To Be A Man Is Not Easy ~ Caught Between Two Worlds. Interview With Samuel Oteng

BosmanCoverSamuel Oteng is the name. In 1987 I went to Austria. After a few years I got the papers ready and my wife came to join me where I live, a small town called Graz. Our children were born in Austria. Two, a boy and a girl, both go to school. As a family we are settled in Graz and have no intention to move away, moving now would hurt my children’s education and their social life with their friends. My son Godfred, who is twelve, attends what they call the ‘Gymnasium’ over there and my girl Precious, who is eight, is at the primary school. Precious says she likes where she lives and she has a gang of white girlfriends with whom she feels free and happy. She also loves nature. Our part of the country is beautiful and she does not want to move to a big city. I am the same in that way, I love the natural beauty of where we live. No, we won’t move.

Also, after all, I have my work and I’m much involved in the community. Specially our church. Apart from what I said about the children and their education I have been working in that factory all my years and I do not want to lose the benefits and start all over again in London. But otherwise, yes, sometimes we dream of moving to England!

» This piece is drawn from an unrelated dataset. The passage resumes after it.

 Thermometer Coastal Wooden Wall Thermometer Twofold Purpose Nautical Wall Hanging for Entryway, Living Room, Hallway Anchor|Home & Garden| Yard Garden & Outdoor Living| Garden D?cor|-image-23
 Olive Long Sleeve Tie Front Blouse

The problem is that most of our Ghanaian friends move away from Austria to the UK. As soon as they have their Austrian passport you see them going, one by one. All the time we lose more friends. It is true that living circumstances for Africans are much better in England as compared to, especially, Austria. In Austria black people are isolated because Austrians stay away from us. It makes life difficult that way. People in England are used to Africans and all kind of other nationalities and they are friendly. Of course the language too plays a role. That’s why my people leave.
As I said I am not going to go to England like my friends. They challenge me: ‘you are an Austrian citizen and so you can freely move to anywhere in Europe’. But no, we stay in Graz.

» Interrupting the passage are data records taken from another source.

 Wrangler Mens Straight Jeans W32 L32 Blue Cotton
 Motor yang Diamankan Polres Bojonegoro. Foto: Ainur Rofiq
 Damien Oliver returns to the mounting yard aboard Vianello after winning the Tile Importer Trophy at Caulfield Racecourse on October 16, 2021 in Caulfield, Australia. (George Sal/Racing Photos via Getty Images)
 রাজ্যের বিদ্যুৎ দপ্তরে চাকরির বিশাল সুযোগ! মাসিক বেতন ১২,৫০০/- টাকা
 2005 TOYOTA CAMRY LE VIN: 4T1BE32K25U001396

What I don’t like is being the eternal outsider. The work also is hard. I get up early come back late, hardly see my children, my wife works too, so hardly see her at all. And now we face this exodus of Ghanaian friends leaving for Britain. Others are talking about it, some are packing. We stay where we are but it is sad to stay back here alone.
Do you think I could get a job as a bus-driver in Austria? Or any job where you get in touch with other people? No. Not in Austria and especially not in Graz where we live. I tell you, in the beginning people were afraid of me. When I would board a bus for example all other passengers would look at me. I sit in the front, they all move to the back. If I sit at the back they quietly stay in the front of the bus. All the same that was eighteen years ago and things are changing. When I came I was the only African in town and people would always look at me and sometimes point: ‘Schwartze’, which means ‘black-man’ and I would just feel bad. Anyway I was lucky because I got a job. I still have that same job after more than 15 years. I work in a factory and there at my workplace I feel at home and they like and respect me there.

As soon as I came to Austria I wanted to be one with the people and I quickly learned their language. Not just German, but their particular dialect and way of saying things. I use certain sayings the way they do and it surprises them and it amuses them too! I felt that if I learned the language they would accept me which in a way was true. Now there are more Africans working in the factory and I am often asked to be a middle man, to translate and settle disputes. So in the work area I am all right and I know I am appreciated which is important for me.

When I came things were extremely hard as I said. Some people really had never seen a black man and one woman asked if her child could touch my skin and then she gave me money. I did not like getting money for that!! Many times you would walk on the street and people would give you money for they think that all blacks are poor and beggars because the TV always shows Africa in a bad light.
But I learned the language and I learned it well so that I speak it like a man from that village. And with my work I have no problem at all. And I believe I want to stay at that place till I get pensioned and then I have something for the future too.

Blacks now have a bad name which is partly understandable. The Nigerians sell drugs because they have no patience to wait for a work-permit and basically they don’t like to work. Waiting for a work-permit can take a long time. During that time they feed you and you get some pocket money so there is no need to become impatient. However the Nigerians spoil it for us blacks, so now when they see a black they say ‘Ah, a drug-dealer’.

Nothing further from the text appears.